- _YOUR INSTRUCTIONS_:
Transcribe the listing verbatim. Do not carry over any pictures.

- _COLLECTED DATA_:

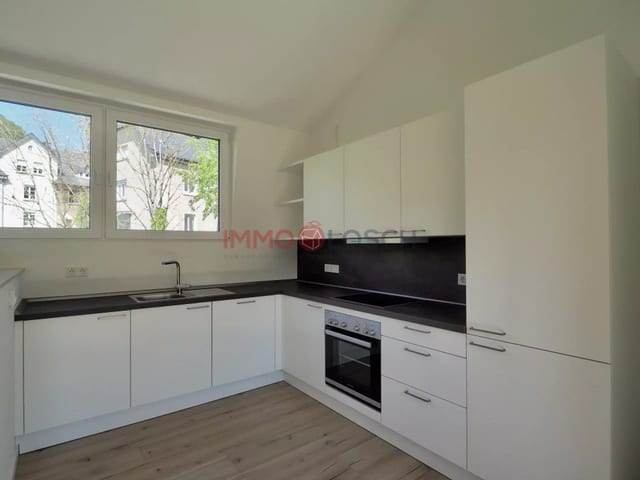 Duplex à Moersdorf - photo 8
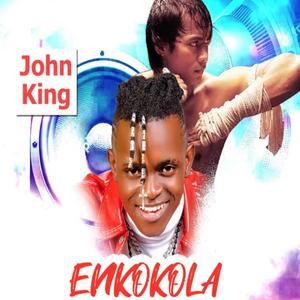 ENKOKOLA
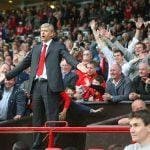 wenger-man-utd-old-trafford-min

- _RESPONSE AREA_:
 Duplex à Moersdorf - photo 8
 ENKOKOLA
 wenger-man-utd-old-trafford-min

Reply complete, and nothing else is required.